SOURCE MATERIAL START

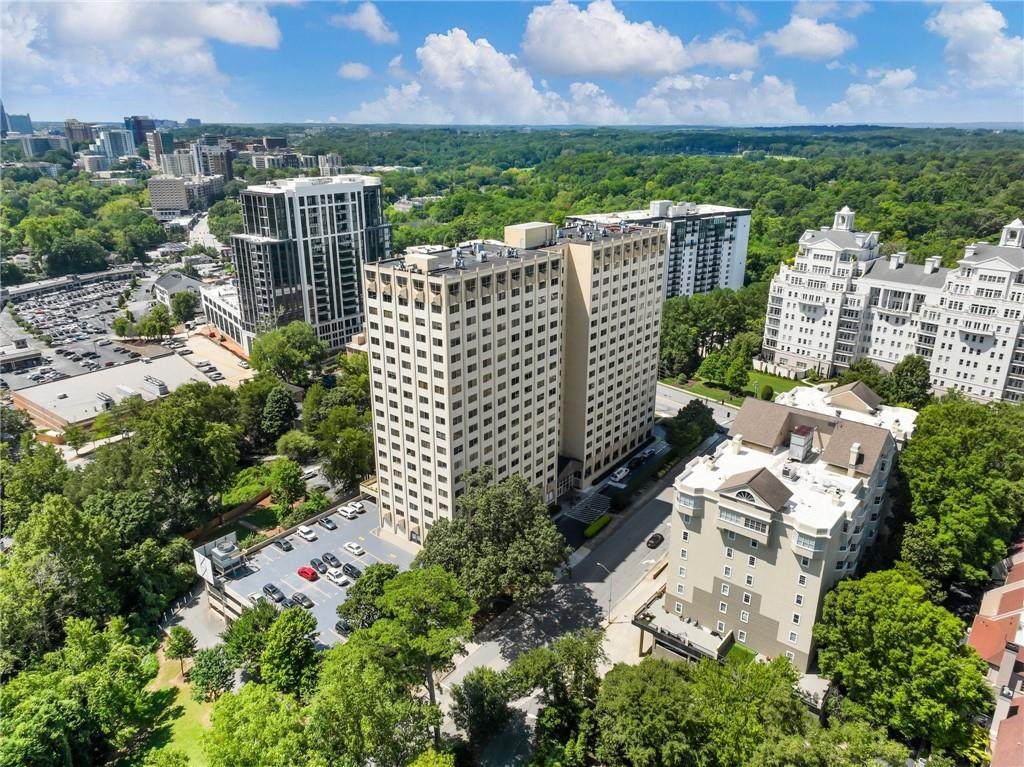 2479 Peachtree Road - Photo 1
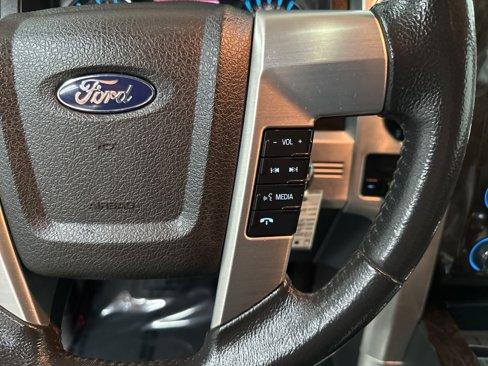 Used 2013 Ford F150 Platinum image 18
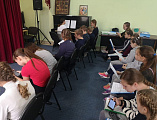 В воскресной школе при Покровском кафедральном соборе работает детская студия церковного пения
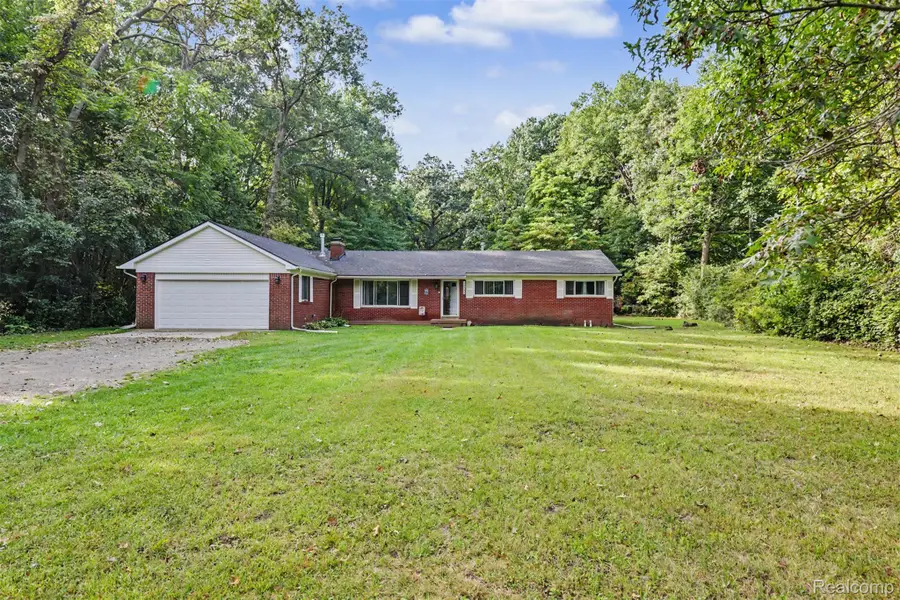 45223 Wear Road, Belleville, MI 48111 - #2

SOURCE MATERIAL END
SOURCE MATERIAL START

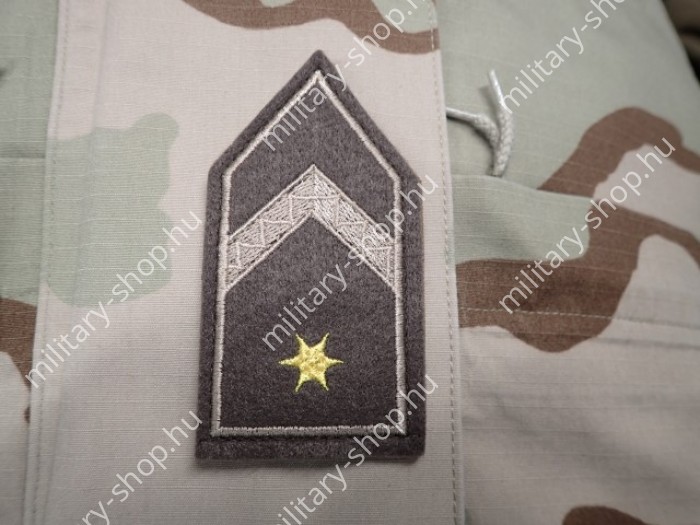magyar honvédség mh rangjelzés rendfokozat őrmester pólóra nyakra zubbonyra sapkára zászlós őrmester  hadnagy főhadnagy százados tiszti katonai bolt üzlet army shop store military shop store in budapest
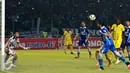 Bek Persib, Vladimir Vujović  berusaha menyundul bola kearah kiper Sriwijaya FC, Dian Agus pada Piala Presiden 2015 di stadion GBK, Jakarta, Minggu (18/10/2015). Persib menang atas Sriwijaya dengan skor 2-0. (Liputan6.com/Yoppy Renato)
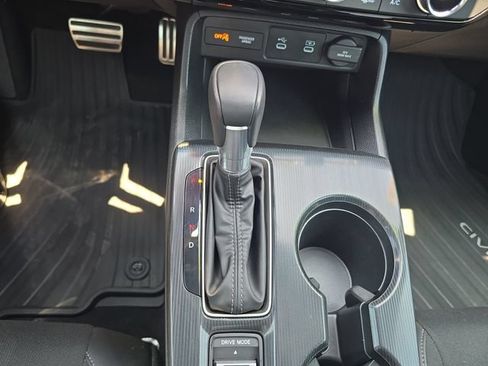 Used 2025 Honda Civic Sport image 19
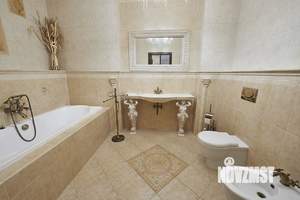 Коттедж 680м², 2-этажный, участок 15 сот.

SOURCE MATERIAL END

**WORK ITEM**
In the data above, the stretch from the line with "2479 Peachtree Road - Photo 1" through the line with "45223 Wear Road, Belleville, MI 48111 - #2" is to be returned exactly, minus any pictures.

**EXERCISE ANSWER**
 2479 Peachtree Road - Photo 1
 Used 2013 Ford F150 Platinum image 18
 В воскресной школе при Покровском кафедральном соборе работает детская студия церковного пения
 45223 Wear Road, Belleville, MI 48111 - #2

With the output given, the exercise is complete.